◆ **TRY IT**:
When you transcribe the lines below, keep every word the same and leave the pictures behind.

---------------

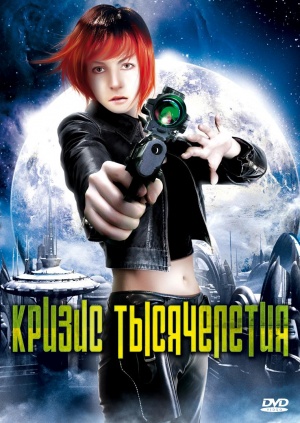 DVD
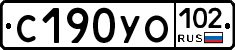 С190УО102 - 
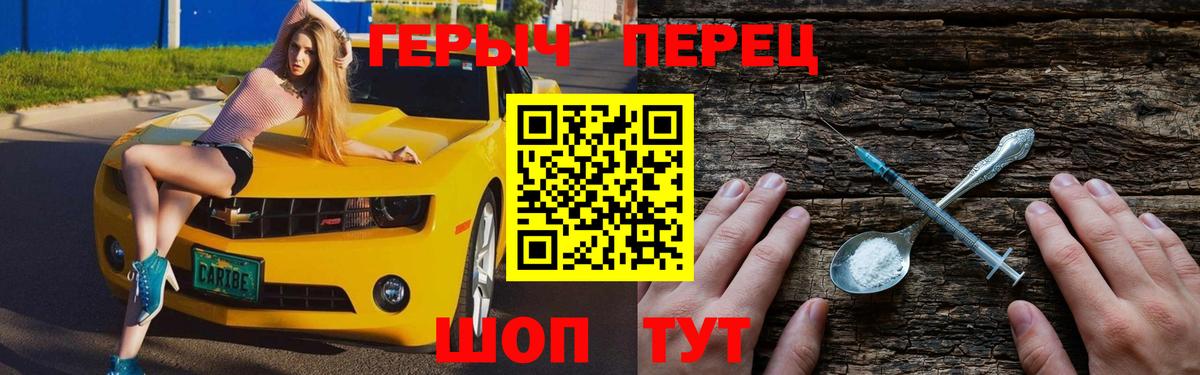 Героин хмурый Петрозаводск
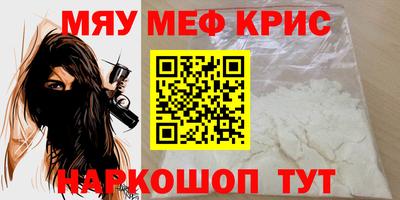 мет Кулебаки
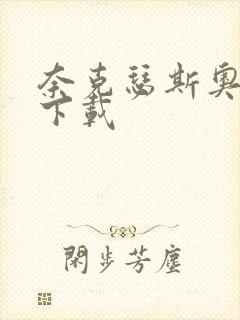 奈克瑟斯奥特曼下载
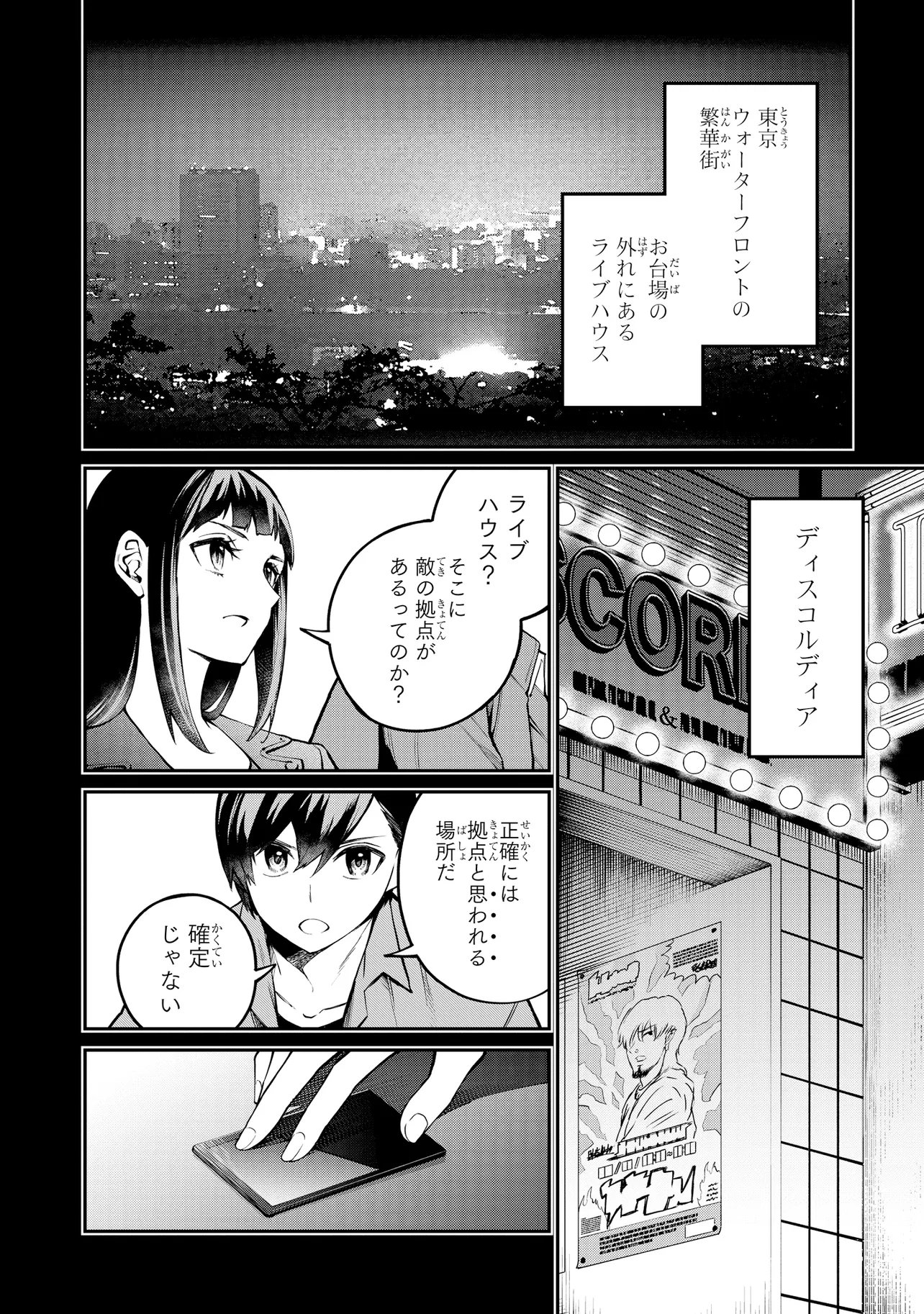 Mahouka Koukou no Rettousei - Yoru no Tobari ni Yami wa Hirameku Chapter 26.1 2ページ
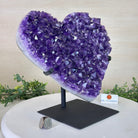 Extra Plus Quality Amethyst Heart Geode on stand, 11.8 lbs & 9.9" Tall #5463 - 0363 - Brazil GemsBrazil GemsExtra Plus Quality Amethyst Heart Geode on stand, 11.8 lbs & 9.9" Tall #5463 - 0363Hearts5463 - 0363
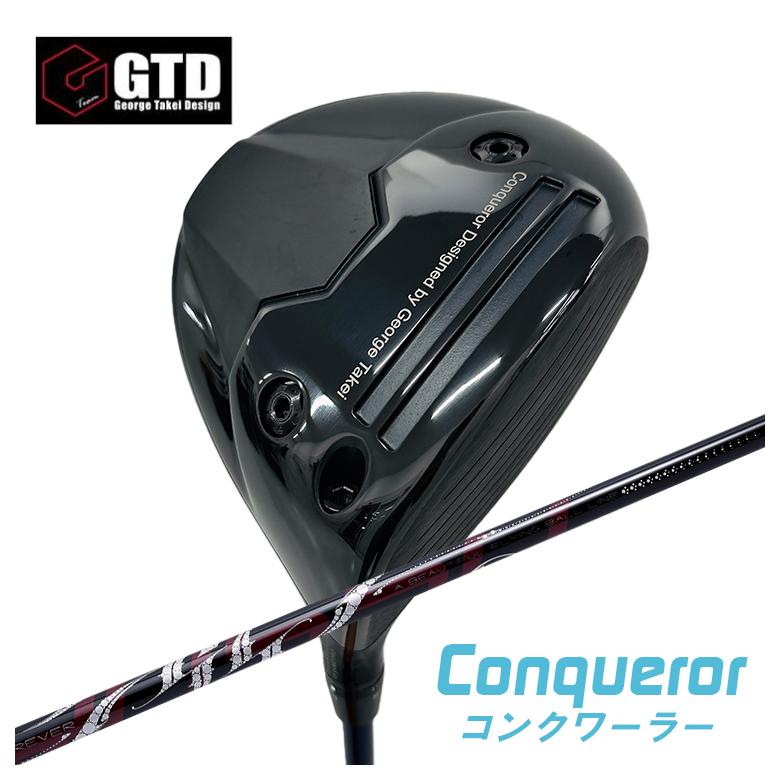 【特注】GTD ドライバー Conqueror コンクワーラー DR ARCH アーチ ROSSO ロッソ DR用 シャフト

---------------

◆ **SOLUTION TO THIS TASK**:
 DVD
 С190УО102 - 
 Героин хмурый Петрозаводск
 мет Кулебаки
 奈克瑟斯奥特曼下载
 Mahouka Koukou no Rettousei - Yoru no Tobari ni Yami wa Hirameku Chapter 26.1 2ページ
 Extra Plus Quality Amethyst Heart Geode on stand, 11.8 lbs & 9.9" Tall #5463 - 0363 - Brazil GemsBrazil GemsExtra Plus Quality Amethyst Heart Geode on stand, 11.8 lbs & 9.9" Tall #5463 - 0363Hearts5463 - 0363
 【特注】GTD ドライバー Conqueror コンクワーラー DR ARCH アーチ ROSSO ロッソ DR用 シャフト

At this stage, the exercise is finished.